Most tied houses today are owned by non-brewing pub chains, known as pubco's. A key difference between this, and the traditional tied house system, is that pubco's align themselves with specific brewers in order to obtain big discounts; reducing profits for breweries and restricting their ability to control the quality of the end product.

==Types==
In the United Kingdom, there are two types of pub chain, reflecting the ownership of the pub and the style of operations. Pubs are either tenanted or managed.

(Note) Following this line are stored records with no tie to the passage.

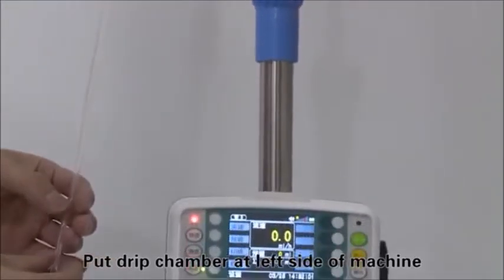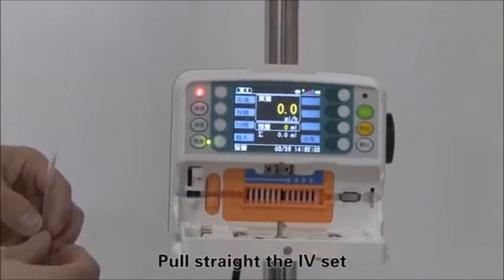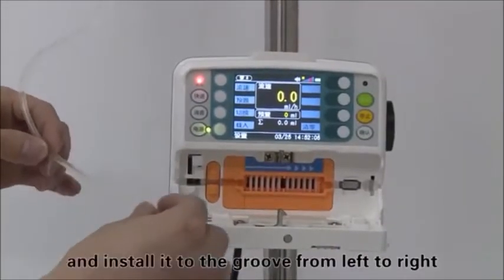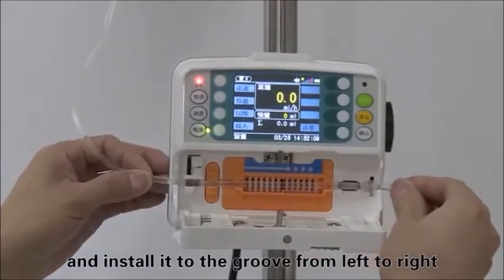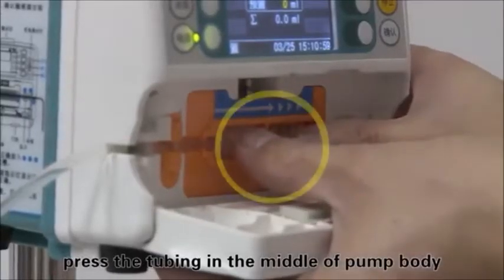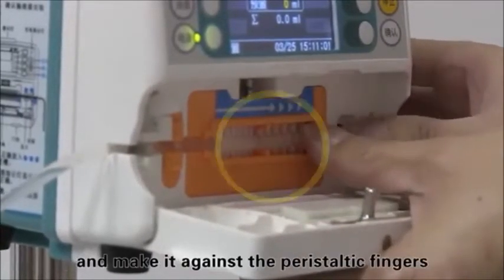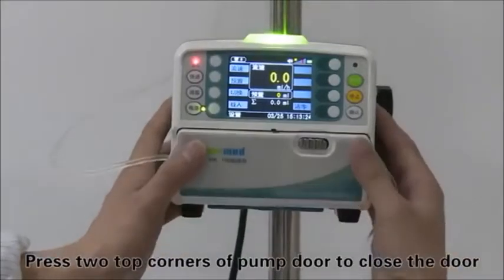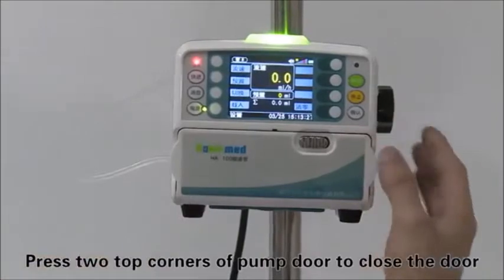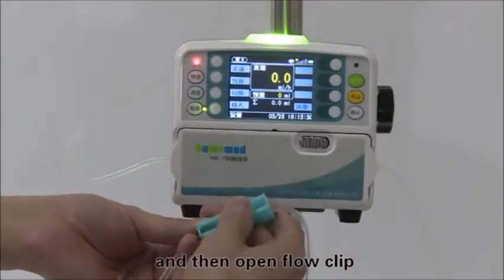Put the drip chamber at the left side of the machine. Pull the IV set straight and install it into the groove from left to right. Press the tubing in the middle of the pump body and make it rest against the peristaltic fingers. Press the two top corners of the pump door to close the door, then open the flow clip.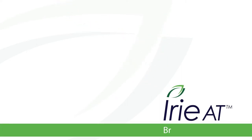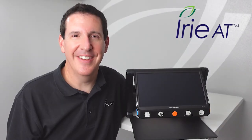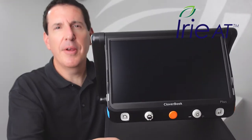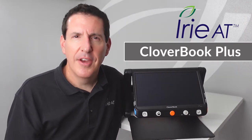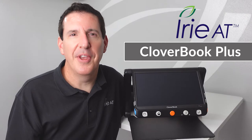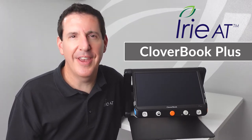Welcome to IvoryAT Braille and Low Vision. Thanks for joining us in the IvoryAT Product Review Center. Today we're going to be taking a look at the CloverBook Plus — another great magnifier from SiteCare, another of the CloverBook series. If you're thinking about getting one or you already have one and want to learn how to use it better, this video is hopefully going to be helpful. Let's take a deep dive into the CloverBook Plus from SiteCare.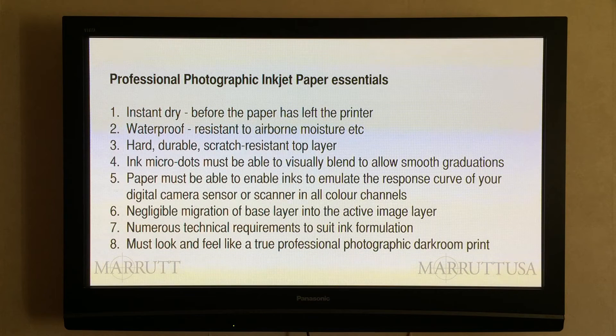The most important qualities of a professional photographic inkjet paper are that it must carry a coating which allows the ink to dry instantly, become waterproof, create a hard durable scratch resistant top layer, and allow the sprayed ink to generate discrete micro dots which appear to form smooth graduations of colour and black and white. We need to accurately emulate the colour response curve of the sensor which captured the image. We also need to prevent any migration of the chemical makeup of the base paper into the active image layer, which is very important for archival ability.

Marston's Brewery and Stonegate Pub Company are two of the largest pub chains in the UK operating multiple brands of branded pubs.

Pub chains such as Punch Taverns and Ei Group own thousands of tenanted pubs which are not branded to retain uniqueness. They are controlled in the brands of beer, ales and lagers and sometimes other beverages that they may sell.

Pub chains operating managed houses are frequently run as brands, located near a high street but rarely in predominantly residential areas.

Multiple-held pubs do exist in countries other than the United Kingdom, but due to most countries having different accepted systems of ownership and supply, they do not hold anywhere near the level of control over the market as they do in the UK.